В Екатеринбурге готовят к изданию сборник интервью с жертвами репрессий, и прямо сейчас на planeta.ru идёт сбор средств на печать первого тиража. “Уроки истории” публикуют фрагмент из книги – беседу с Артуром Густавовичем Штихлингом из семьи репрессированных российских немцев.
— Расскажите о вашей семье.
— Наша семья жила в Куйбышеве, ныне Самаре. Туда мы переехали после того, как были раскулачены в Сибири. Там я и родился, под Омском, в хуторе Николаевка. Родился я 22 октября 1926 года.Семья была большая, отца звали Густав Теодорович, а маму Амалия Федоровна. С нами жила еще бабушка Эмма Фридриховна Кох, моя мама была ее дочерью. Крестьянская семья, занимались хлебопашеством. После столыпинского указа земля стала отдаваться крестьянам, поэтому у Штихлингов и были 200 десятин земли. До Сибири мои предки жили на юге Украины, где оказались по призыву Екатерины Второй. Они были мастерами-корабелами. Строили военные корабли, на которых потом плавал Ушаков. После того, как Екатерина завоевала Крым, наши семьи осели на юге Украины под Мелитополем, появились немецкие хутора, где приходилось заниматься уже сельским хозяйством. Родным хутором моих родителей был Фридрихсфельд. Там в 1901 году родилась моя мама Амалия Кох. Отец, Густав Штихлинг, родился в 1894 году. У отца было трое братьев и три сестры. Семья разрасталась, земли не хватало.
— Так и оказались в Сибири, в поисках земли?
— Да, благодаря столыпинской реформе. Приехали на своих огромных немецких лошадях, в крытых кибитках.
— Как говорится, проехали всю Россию в поисках лучшей жизни…
— Именно так. Все лето ехали и приехали, как бабушка рассказывала, «под белые мухи», снег уже падал. Пришлось рыть землянки и зимовать в них. Землю получили и по весне начали строить. Лес был кругом. Построили огромный дом, землю обработали, завели хозяйство. Братьев отправили учиться — Оскар учился в Омске, стал поручиком, а Герберт учился в Харькове, стал инженером-мостостроителем. Кстати, он строил в Новосибирске, тогда Новониколаевске, мост через Обь.
— Жизнь вроде бы наладилась…
— Да, после первой мировой войны стали уже не плохо жить. Я помню большой двор, несколько коров, крупных лошадей. Нанимали пришлых людей. В 30-е годы на хуторе организовался колхоз «Верный путь». Мы к тому времени уже жили в Самаре. Когда нас раскулачили в 1932-33 году, то забрали все, коров и лошадей угнали. Из дома выселили и в нашем огромном доме устроили сельский клуб.
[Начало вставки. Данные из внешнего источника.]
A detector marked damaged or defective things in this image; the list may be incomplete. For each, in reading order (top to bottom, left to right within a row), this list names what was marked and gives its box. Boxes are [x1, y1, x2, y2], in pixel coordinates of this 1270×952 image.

Но вернемся к сибирскому периоду. В 1925 году отец женился на Амалии. В 1926 году родился я, затем, в 1930-м, еще сын, которого назвали в честь дяди Гербертом. Через два года третий сын родился, которого назвали в честь другого дяди — Оскаром. И так нас стало три брата.
— Где вы учились в Сибири?
— Там была только немецкая школа, начальное образование я получил от дедушки, он меня учил. Я знал только немецкий язык, по-русски разговаривать не мог до семи лет.
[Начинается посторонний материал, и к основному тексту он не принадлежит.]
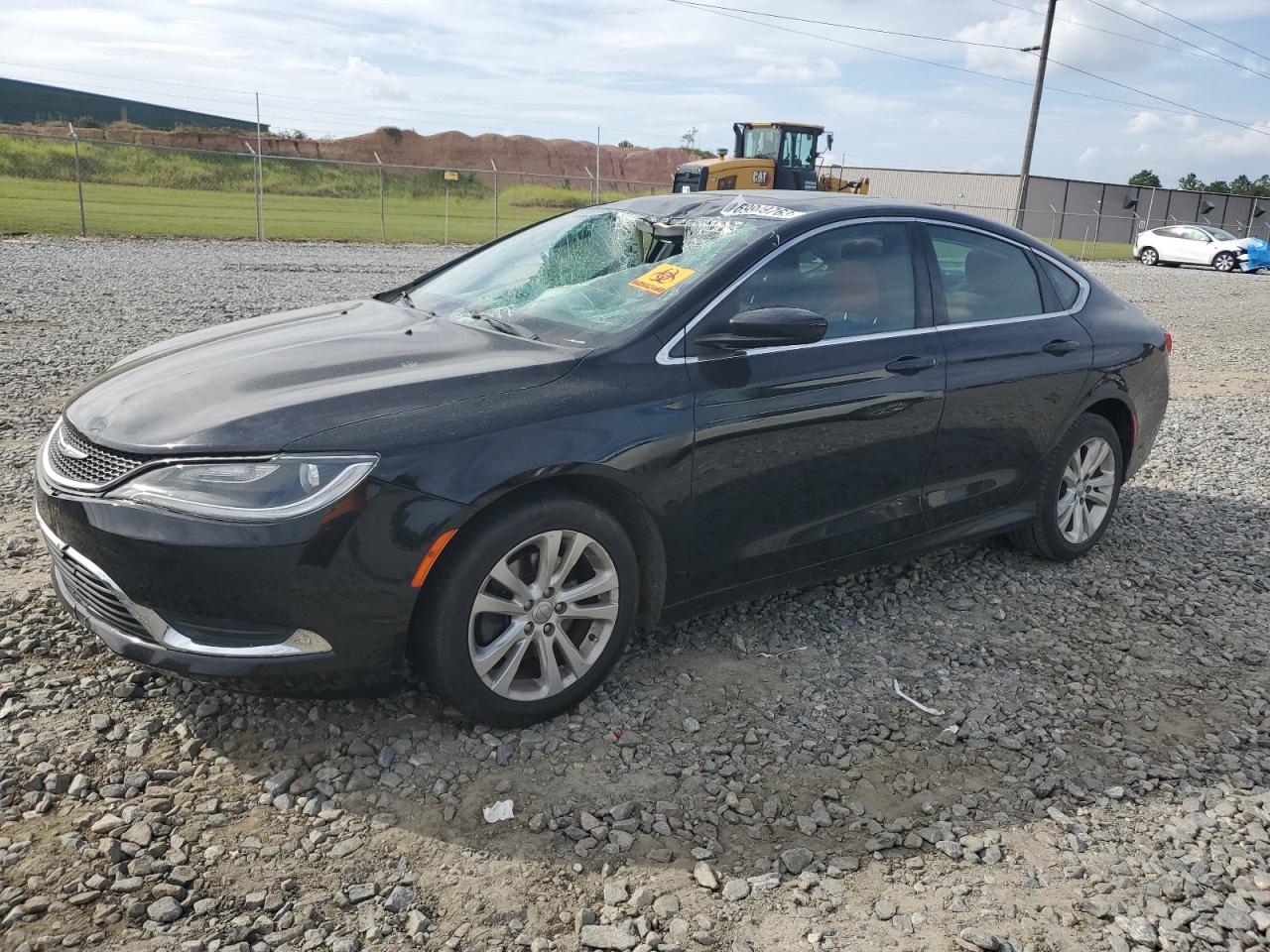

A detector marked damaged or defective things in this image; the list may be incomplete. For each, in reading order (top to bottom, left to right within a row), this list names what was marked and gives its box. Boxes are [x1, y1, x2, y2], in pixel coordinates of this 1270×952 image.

shattered windshield [401, 206, 770, 347]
— То есть, ваш хутор был полностью немецкий?
— Да, там жили только немцы. В райцентре Александровка находилась немецкая школа, туда некоторые ездили учиться. Но перед теми, как мне идти в школу, ее закрыли. Ничего не оставалось, как или ехать в Омск — а до него было 18 километров, или ехать в Самару. Семья Кохов уже уехала из тех мест в Самару, и нас с собой звали. После раскулачивания мы собрали из пожитков то, что не успели забрать, и поехали в Самару. Там уже жили мамин отец с сыном Федором, который был в 1937 году арестован и расстрелян.
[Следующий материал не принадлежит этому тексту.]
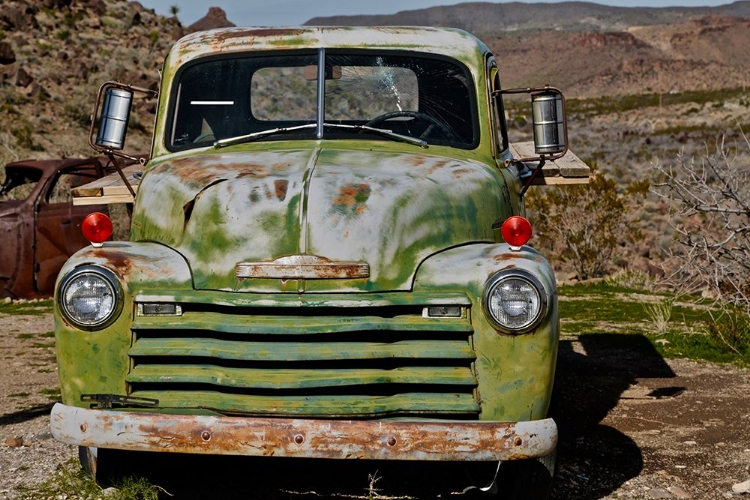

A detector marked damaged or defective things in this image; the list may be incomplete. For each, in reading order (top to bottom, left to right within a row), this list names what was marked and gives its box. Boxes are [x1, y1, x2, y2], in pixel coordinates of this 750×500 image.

rusted abandoned car [0, 157, 114, 296]
rusty hood [131, 146, 512, 292]
rusted abandoned car [51, 28, 592, 500]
— Помните, как проходило раскулачивание?
— Только одно: как с нашего двора выводили буренку Маньку, которую я очень любил. Когда мама доила ее, я приходил с чашкой за свежим молоком. И всегда приносил корове гостинец — сахар, например. Мы дружили с этой коровой. И пришли грубые мужики и накинули корове на шею веревку, потащили ее, корова упиралась, не хотела идти. Я плакал, кричал, не пускал их. Для меня это было трагедией, мое горе не описать. Со двора все забрали, плуги, зерно из амбаров. Это был 1932 год.
— Дружная была у вас семья? Какие взаимоотношения были в семье?
— Я хорошо запомнил, как в семье встречали Новый год. В наш дом приходили все Кохи. Очень хорошо помню елку — она была настоящая и со свечками. Я нигде больше такого не встречал. И под елкой нас, детей, ждали подарки.
— И что вам дарили?
— Сладости. Например, печеные птички. Все было уложено в красивые коробочки. От всего этого оставалось сильнейшее впечатление сказки и праздника. Таких подарков и такого ощущения счастья от подарков я больше в жизни не испытывал. Мне потом дарили и конструкторы, и паровозики, но вот те первые новогодние сладости были самым лучшим подарком в моей жизни.
— А игрушки какие были на елке?
— Сделанные из соломы, из тряпочек.
— Сказка быстро закончилось и вам пришлось уехать, семью раскулачили. Помните, как уезжали?
— Нам оставили одну лошадку, папа ее запряг, сгрузили остатки вещей на телегу и поехали в Коломзино, это левобережье Иртыша. Там была железнодорожная станция. Сутки или двое жили на вокзале. Смутно помню вагон, в котором ехали, может быть, это был товарняк, еще полки какие-то запомнились. В Самаре нас встретили Кохи, определили к себе. У них было всего две комнаты, в одной мы все и жили, поначалу это были бабушка с дедушкой, мои родители и трое детей. Но вскоре дедушка умер, и нас стало шестеро.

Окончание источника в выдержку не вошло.